What brings the Earth to life, and our own lives to an end?
For decades, biology has been dominated by the study of genetic
information. Information is important, but it is only part of what makes
us alive. Our inheritance also includes our living metabolic network, a
flame passed from generation to generation, right back to the origin of
life. In Transformer, biochemist Nick Lane reveals a scientific
renaissance that is hiding in plain sight --how the same simple
chemistry gives rise to life and causes our demise.
Lane is among the vanguard of researchers asking why the Krebs cycle,
the "perfect circle" at the heart of metabolism, remains so elusive more
than eighty years after its discovery. Transformer is Lane's voyage,
as a biochemist, to find the inner meaning of the Krebs cycle--and its
reverse--why it is still spinning at the heart of life and death today.

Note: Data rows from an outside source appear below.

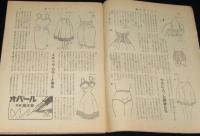 週刊サンケイ 昭和31年10/21号　下着おしゃれブーム/満州おしものサギ行状記/元女特務機関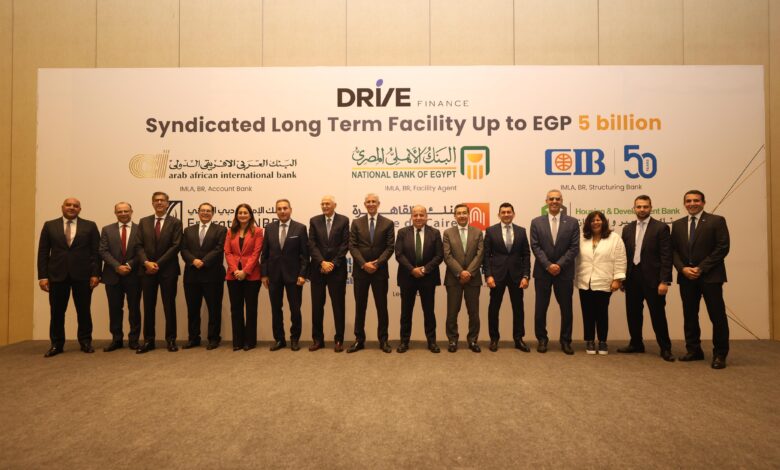 تحالف مصرفي بقيادة الأهلي المصري وCIB والعربي الأفريقي يمنح "درايف" تمويلاً طويل الأجل بقيمة 5 مليارات جنيه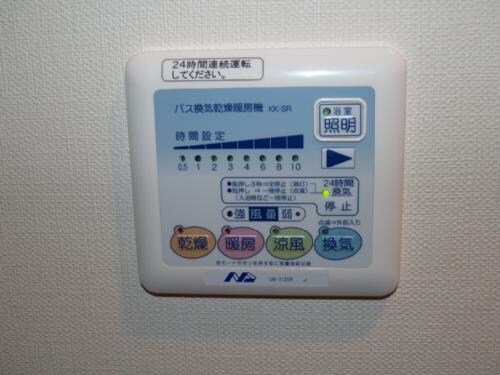 レーベンス柏木の物件内観写真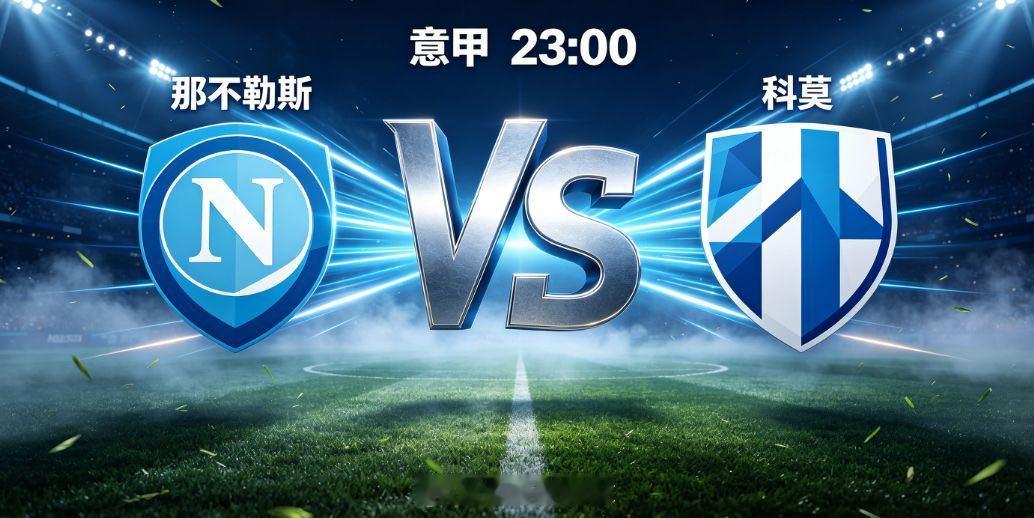 意甲 那不勒斯 vs 科莫意甲联赛，那不勒斯主场迎来科莫挑战。那不勒斯新赛季首个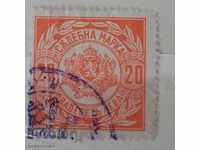 Δικαστικό γραμματόσημο - 1938 - 20 BGN - Βουλγαρία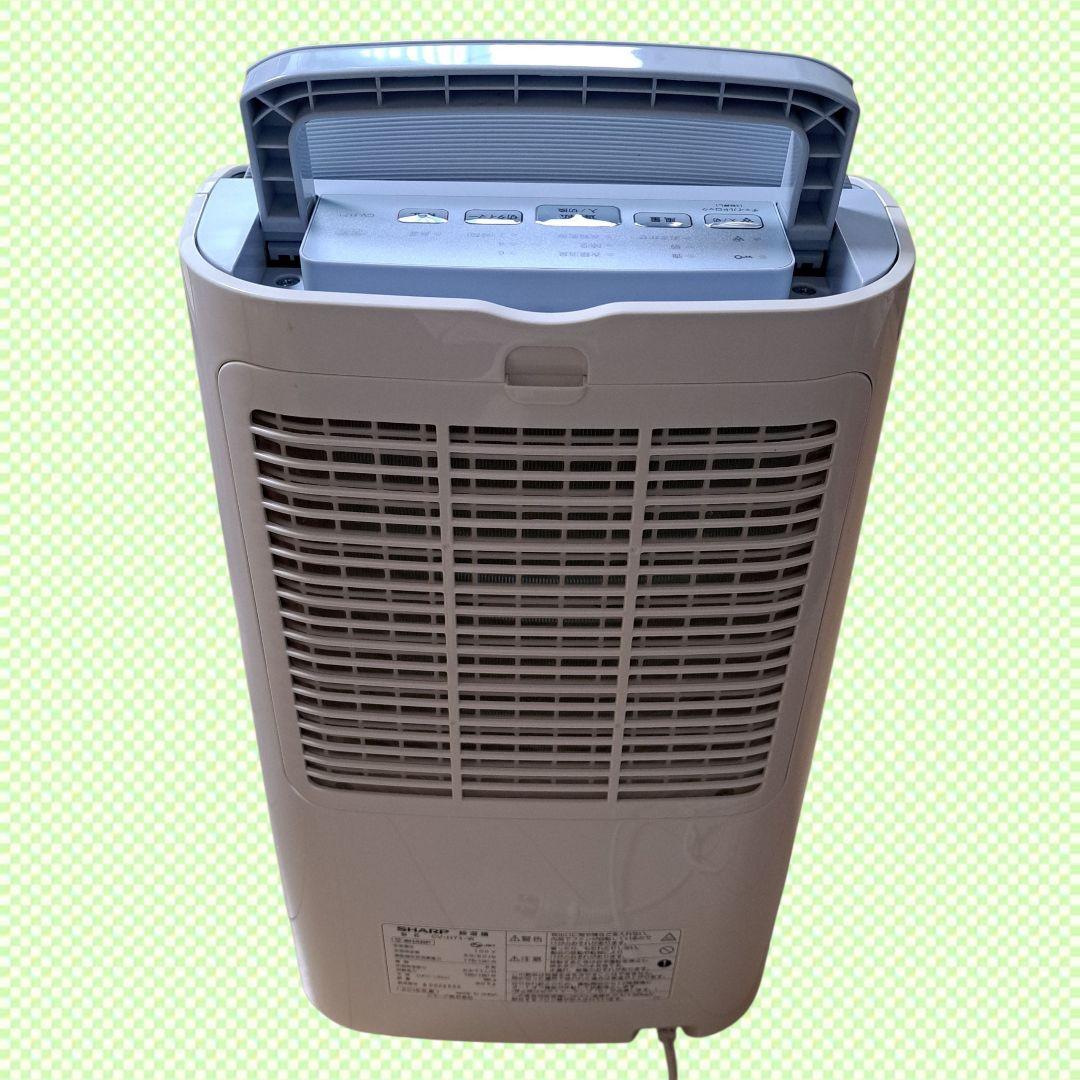 SHARP 除湿機 CV-H71 ホワイト
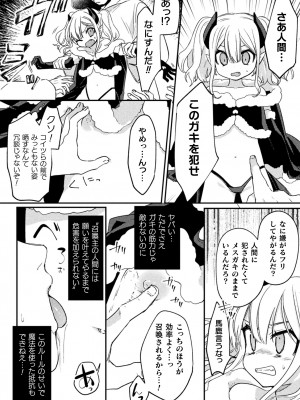 [アンソロジー] 二次元コミックマガジン TSメスガキ 楽勝人生のはずが「わからせ」されちゃいましたVol.1_30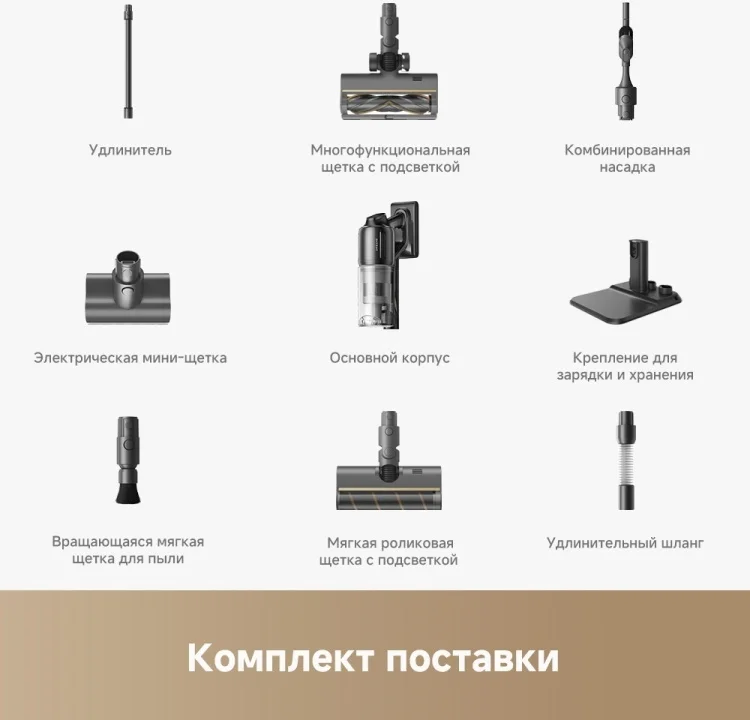 Пылесос DREAME Z20 Essential (VZV24A) Казахстан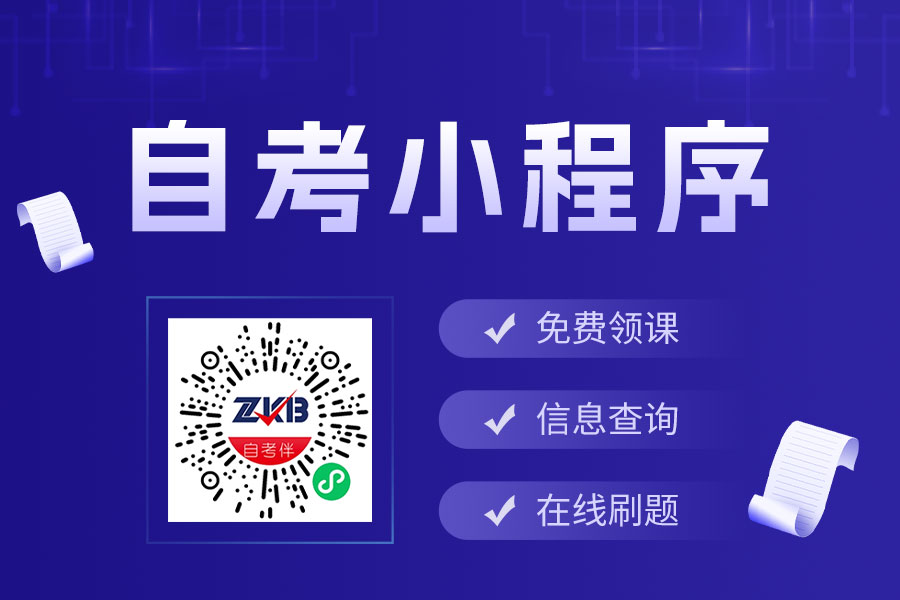 廣東自考網(wǎng)微信小程序上線(xiàn)啦！??！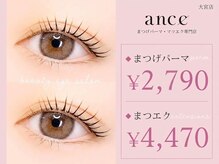アンセ 大宮店(ance)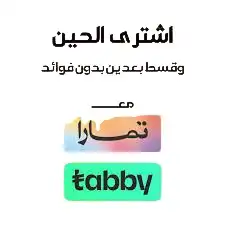 تفعيل تابي وتمارا بسعر رمزي تواصل معي على الخاص 0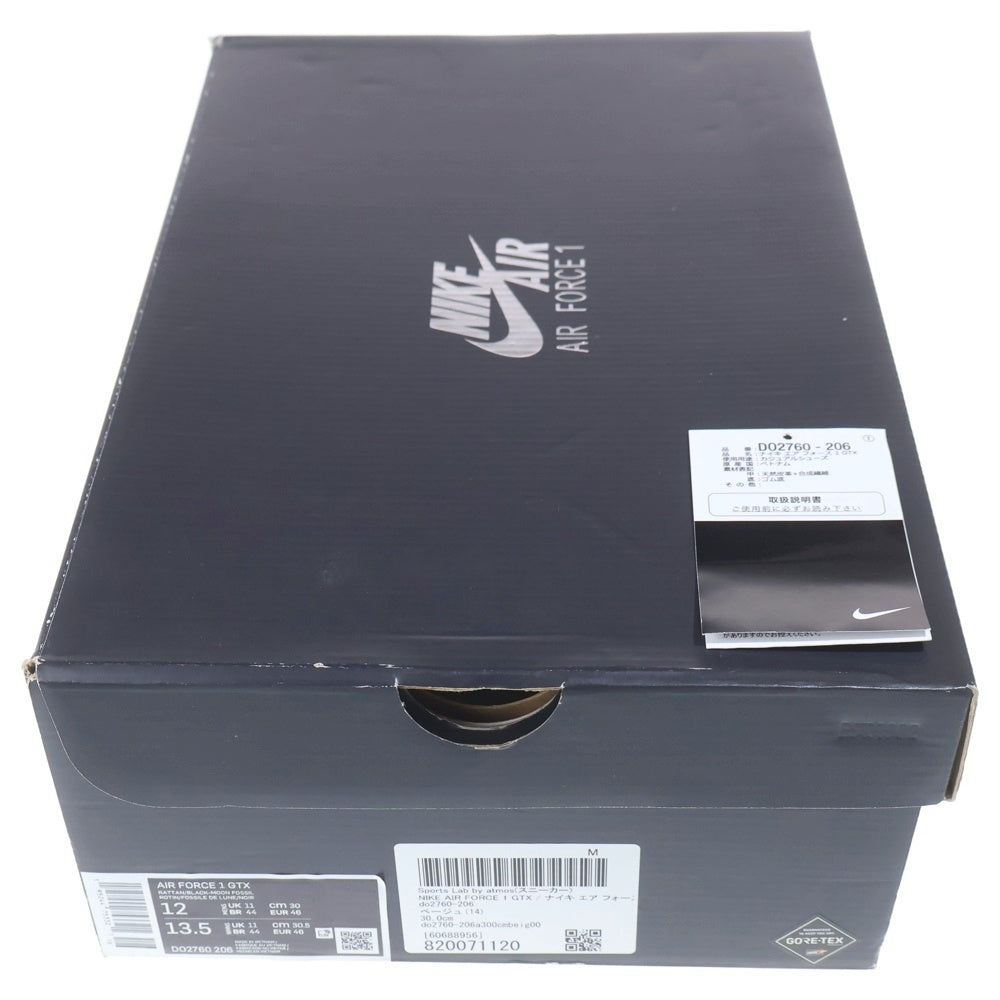 NIKE(ナイキ) AIR FORCE 1 LOW GORE-TEX MOON FOSSIL DO2760-206 エアフォース ゴアテックス ムーンフォッシル ローカットスニーカー US12/30.0cm カーキ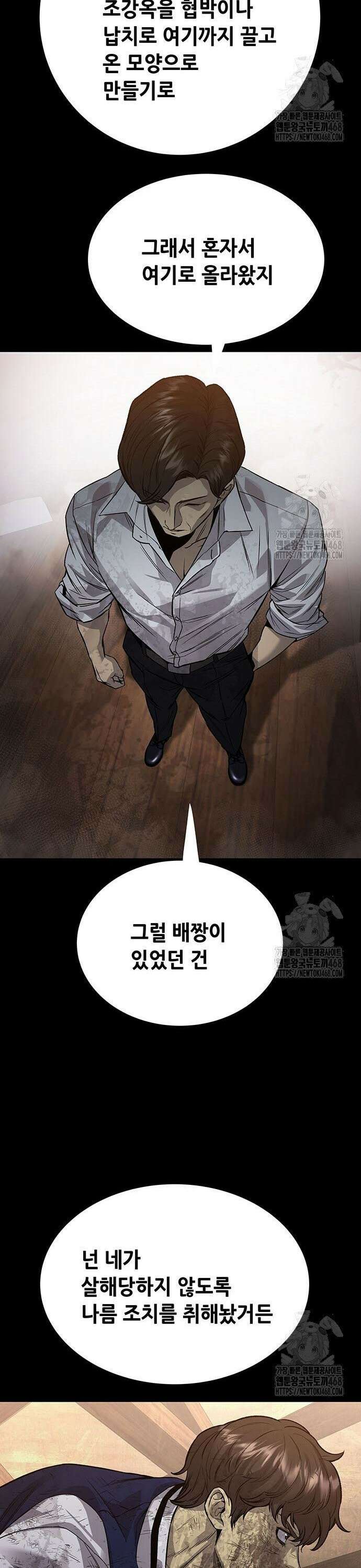 비질란테 2부 64화 7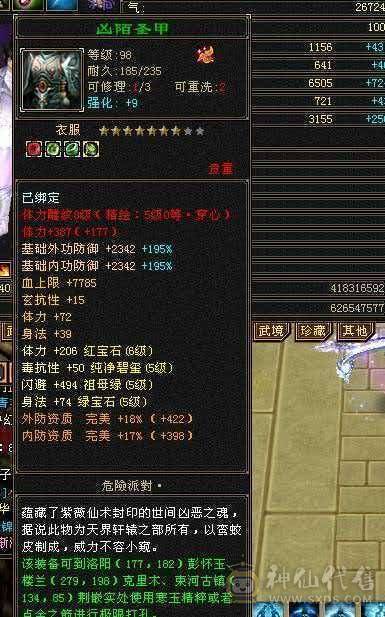 7000属 55w血 退游出
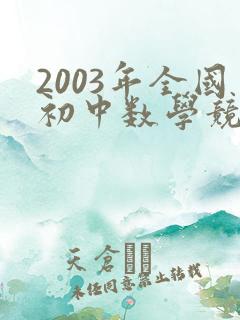 2003年全国初中数学竞赛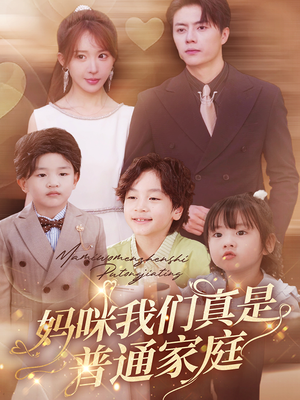 妈咪我们真是普通家庭(81集) 妈咪我们真是普通家庭(81集)直接看到大结局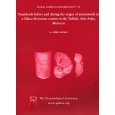 Product - 079 Nautiloids before and during the origin of ammonoids in a Siluro-Devonian section in Tafilalt, Anto-Atlas, Morocco.  by Bjoern Kroeger Image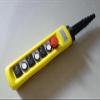 1pc fits XAC-A6913 Crane Pendant Control Stations Two Speed 6 Buttons view 2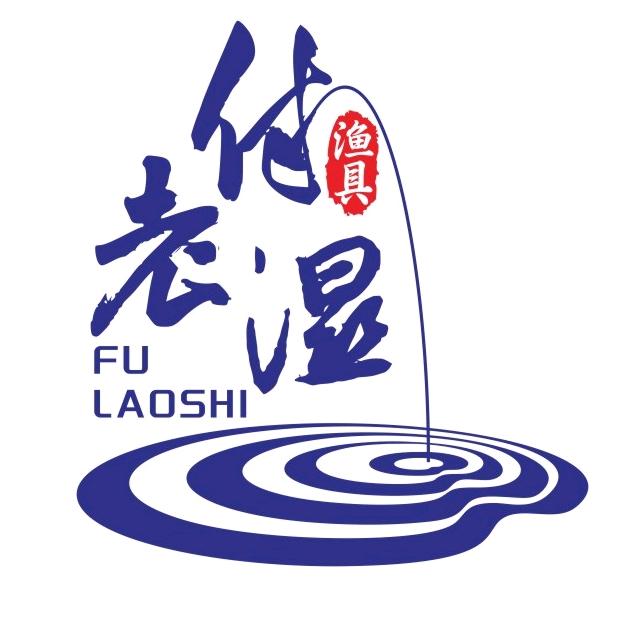 付老湿的钓鱼生活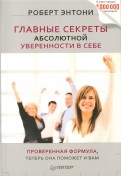 515533-covermid.jpg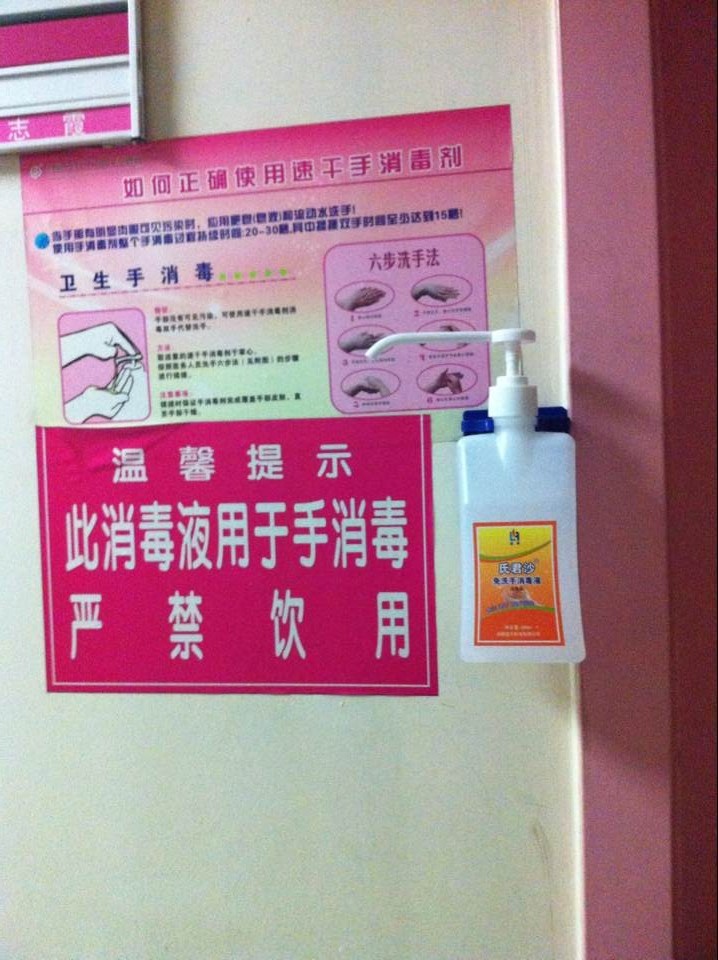 氏君沙免洗手消毒液（凝膠型）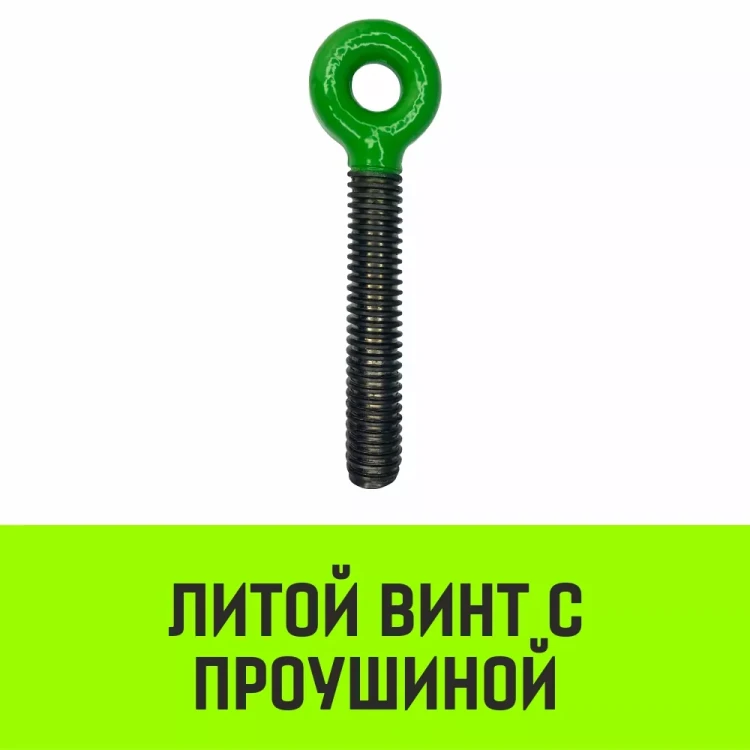 Талреп с трещоткой и двумя проушинами HITCH LBE-16 6.0 Т (SZ071216) купить в Ханты-Мансийске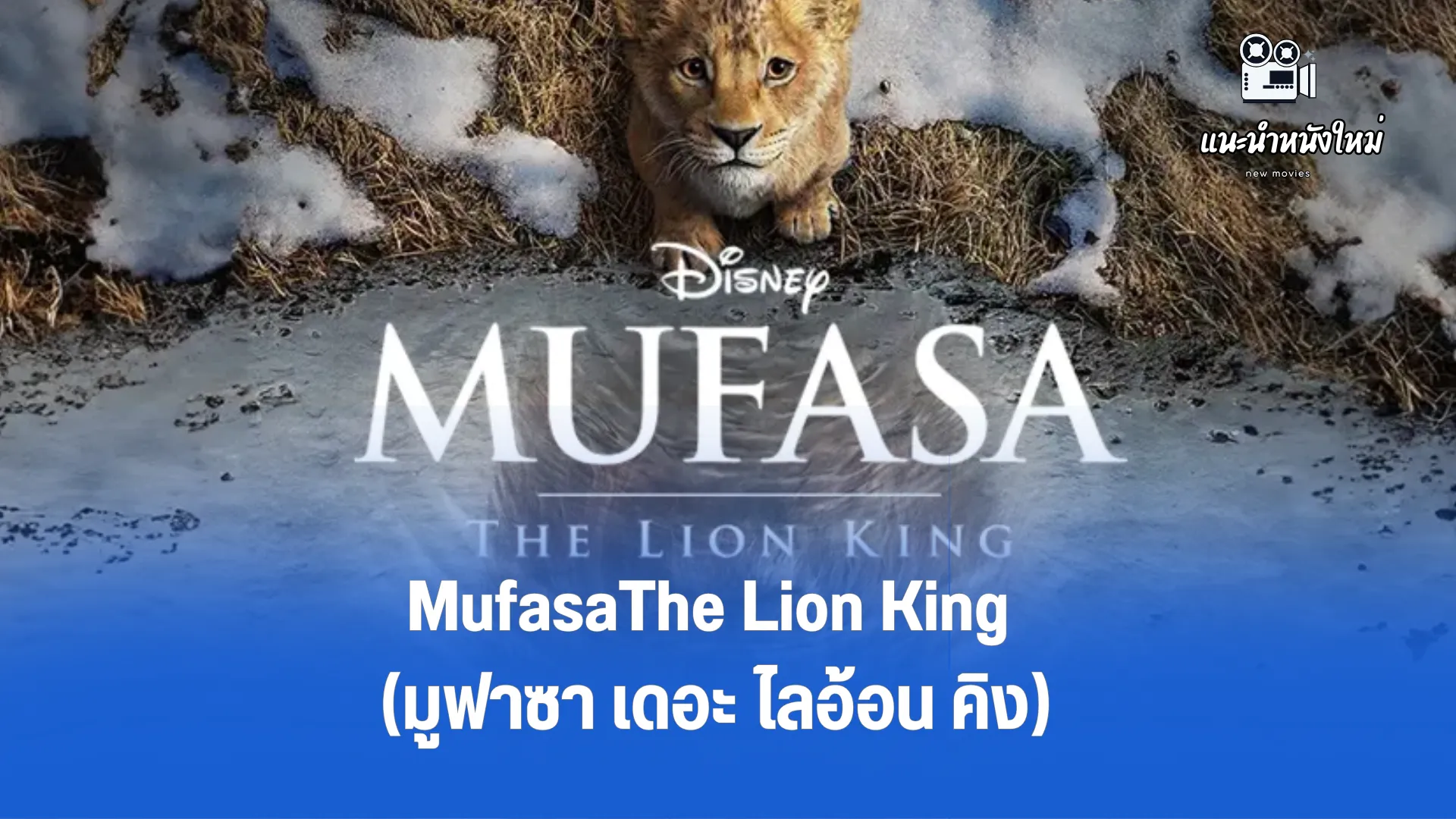 MufasaThe Lion King มูฟาซา เดอะ ไลอ้อน คิง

Lane reveals the beautiful, violent world within our cells, where
hydrogen atoms are stripped from the carbon skeletons of food and fed to
the ravenous beast of oxygen. Yet this same cycle, spinning in reverse,
also created the chemical building blocks that enabled the emergence of
life on our planet. Now it does both. How can the same pathway create
and destroy? What might our study of the Krebs cycle teach us about the
mysteries of aging and the hardest problem of all, consciousness?
Transformer unites the story of our planet with the story of our
cells--what makes us the way we are, and how it connects us to the
origin of life. Enlivened by Lane's talent for distilling and humanizing
complex research, Transformer offers an essential read for anyone
fascinated by biology's great mysteries. Life is at root a chemical
phenomenon: this is its deep logic.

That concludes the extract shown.